Written by Laurence Green on 24 May 2017
Distributor Manga Entertainment • Certificate PG • Price DVD £9.99; Blu-ray £14.99
With a title that could have come straight off a vintage prog-rock album and an expensive-looking CG intro that sees us zipping through the universe and down a space-elevator, everything about Dark Side of Dimensions seems to be screaming added-value scale, with a budget to match. Celebrating 20 years of the Yu-Gi-Oh franchise, the movie sees us picking up things six months after the end of the series’ original manga run (from 1996 to 2004). Touting an original story, the movie sees Kaiba Corp up to their usual tricks investigating the pieces of the Millennium Puzzle, until one of their excavations is interrupted by a shadowy figure, laying the groundwork for a new, mysterious antagonist...
All our favourite characters are back - all a little older (but probably not any wiser), and as soon as these lovable dorks start spouting lines about polishing duel disks and getting their decks out, you know nothing’s really changed from your classic Yu-Gi-Oh of old. Except perhaps Yugi’s gal pal Tea that is who, in the intervening years, seems to have been ‘fleshed-out’ a little... and, no, we don’t mean in terms of character development. Tea aside though, the characters are much as you remember them - from the ludicrous haircuts to the classic English dub actors reprising their roles (right down to Bakura’s dodgy British accent). Even Joey’s weird chin - which spawned an entire meme - gets a moment in the spotlight.
Like most guys my age - raised on a diet of Pokemon, Digimon and Cardcaptors on CITV - it wasn’t long before I fell for the Yu-Gi-Oh bug too; shelling out what little pocket money I had on precious booster packs to add to my collection of cards. Having enjoyed Manga Entertainment's earlier releases of the classic TV series on DVD, I was intrigued by what a movie-sized slab of Yu-Gi-Oh - clocking in at two hours - would entail.
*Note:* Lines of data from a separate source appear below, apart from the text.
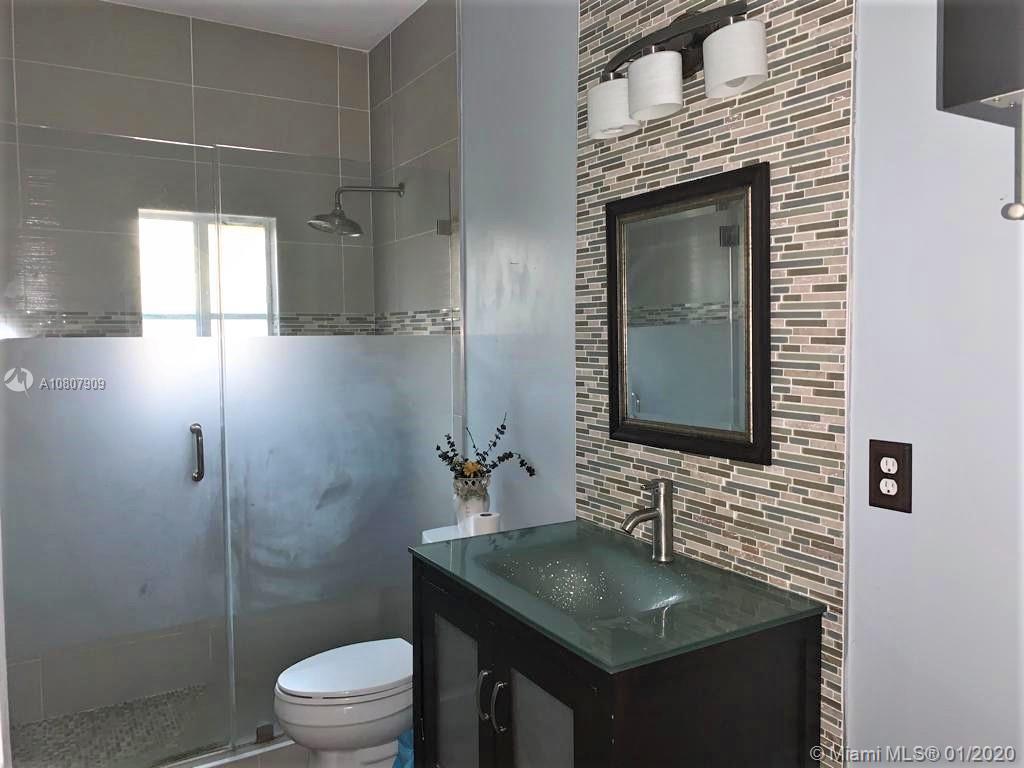 SILVER PALM HOMES - Residential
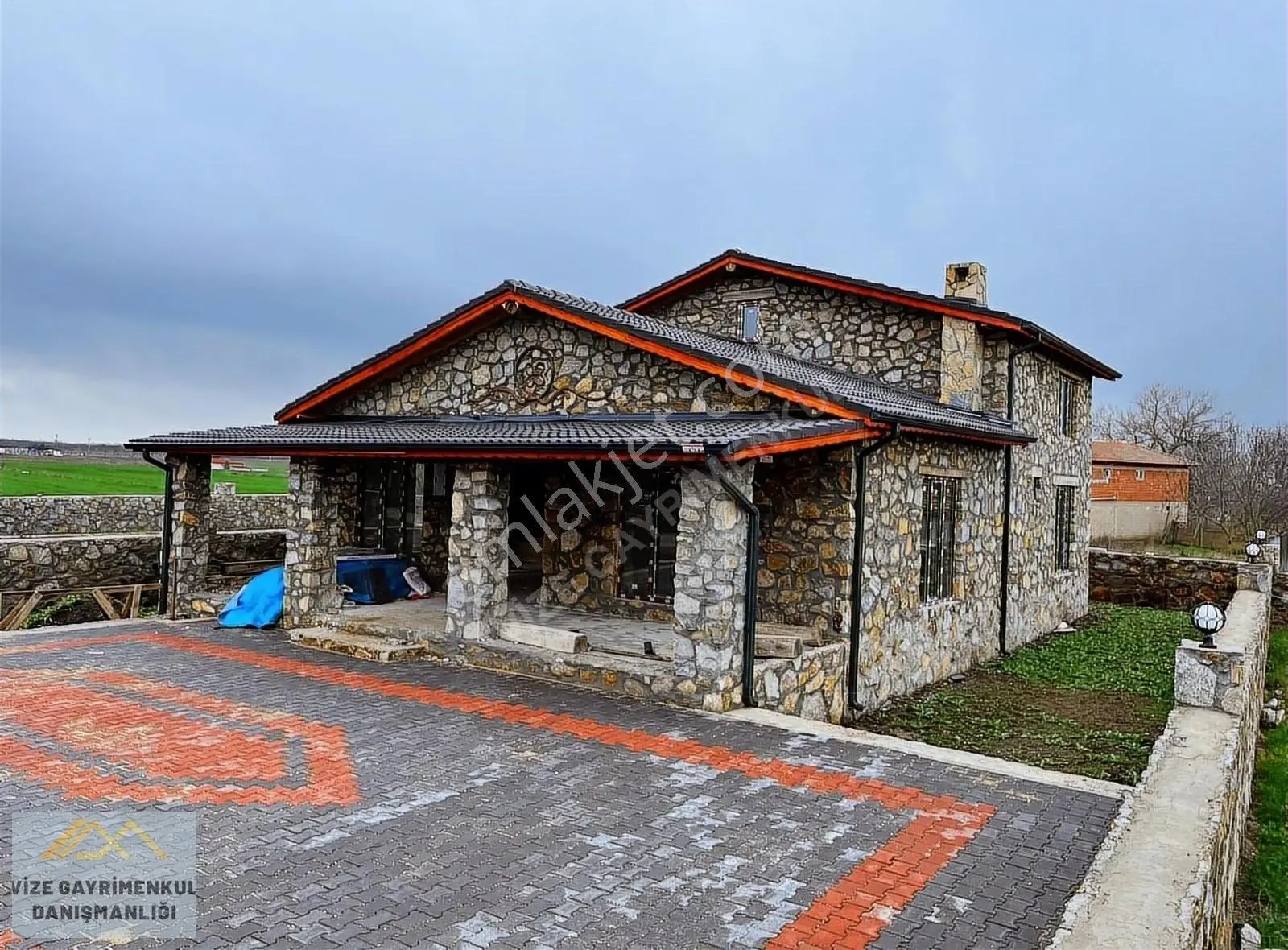 Doğa İçinde Satılık Taş Villa: 4+1, 260m² Net, Müstakil Tapulu - Görsel 10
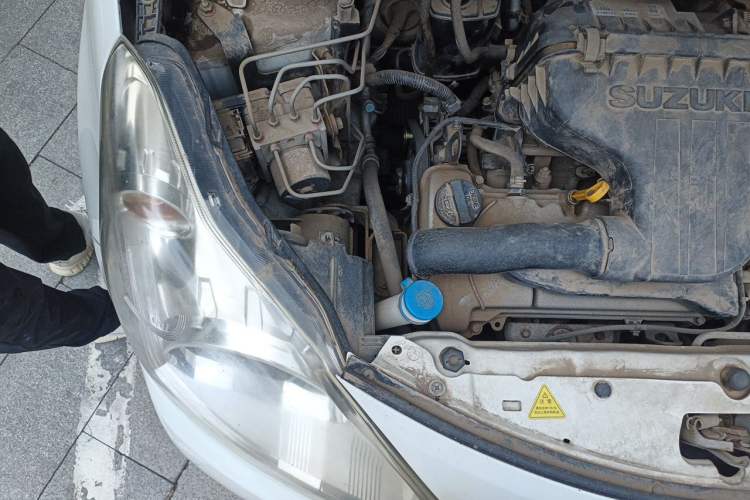 Used Suzuki Alto 2013 1.0L Automatic Luxury Model Engine Bay Right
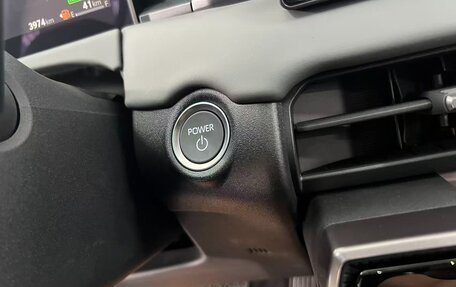 Toyota RAV4, 2025 год, 6 230 000 рублей, 18 фотография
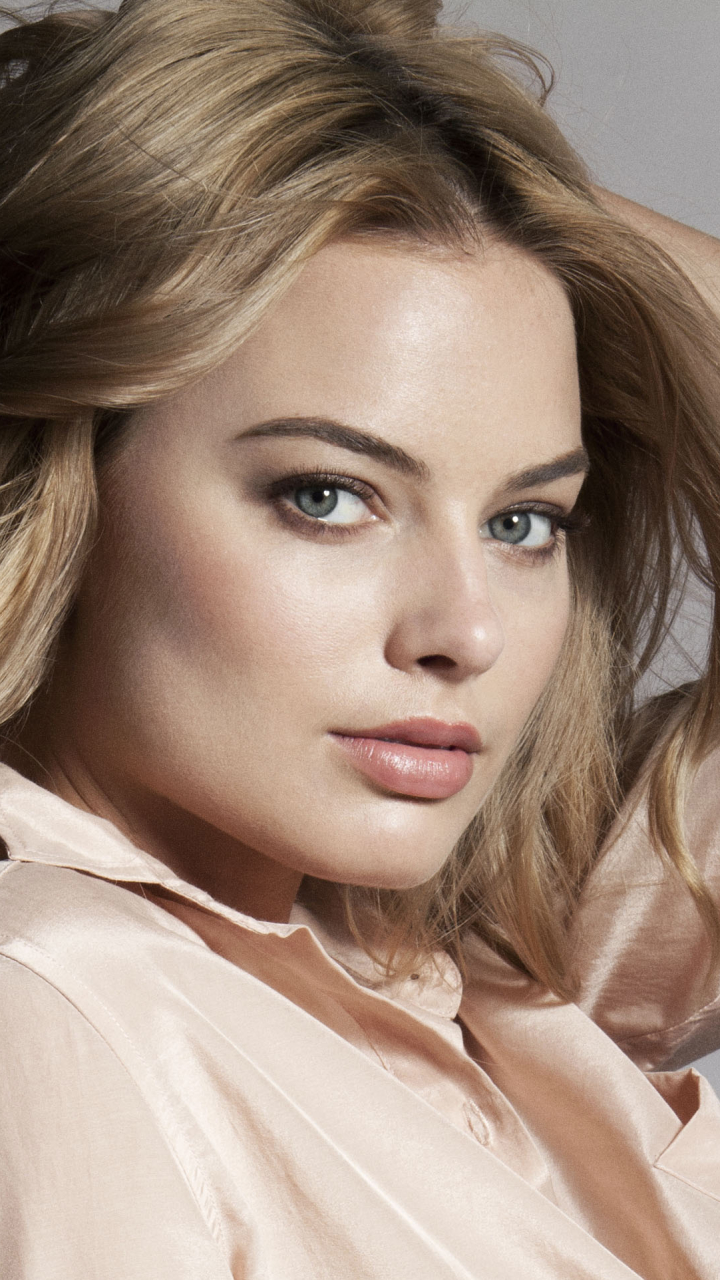 Download mobile wallpaper Blonde, Celebrity, Margot Robbie for free.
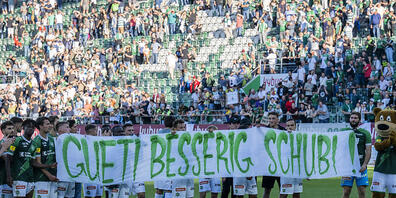 Die St. Galler wünschen mit einem Transparent dem verletzten Fabian Schubert gute Besserung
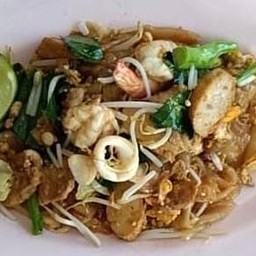 ผัดซีอิ้ว เส้นใหญ่ รวมมิตร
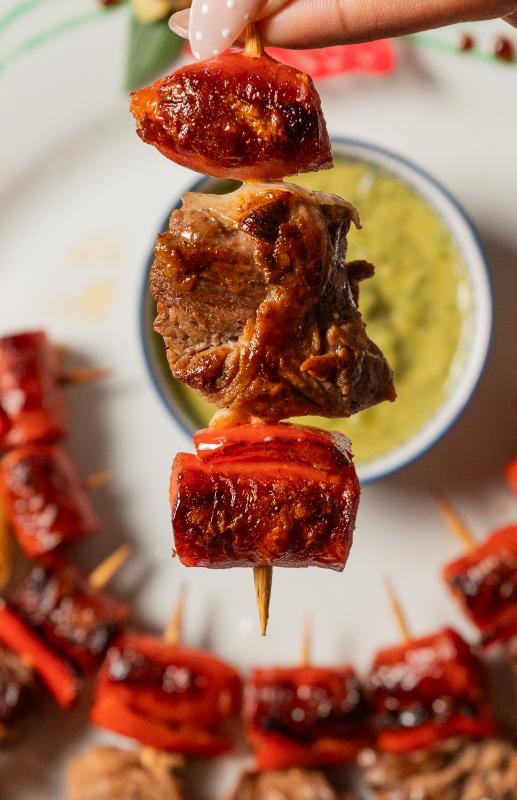 RAC. BANDERILLAS DE CHISTORRA CON LOMITO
Previous cinematic outings for the franchise had been arguably forgettable, although that didn’t stop the 2004 Yu-Gi-Oh Movie becoming the third most successful anime release ever at the US box office behind only the first two Pokemon movies - a distinction it retains to this day.
In a visual sense, at least, this is probably the best the franchise has ever looked. The line-art is clean and crisp, while the duels are beefed up with CG to ensure sufficiently fluid action. What’s most striking about the film’s visual treatment though is the colour scheme, which retains every bit of the bold, brash primary tones of the classic TV series. While there’s a certain charm to this, it also feels like it weirdly dates the movie’s aesthetic - like some bizarre throwback to the days of peak-DigiPaint.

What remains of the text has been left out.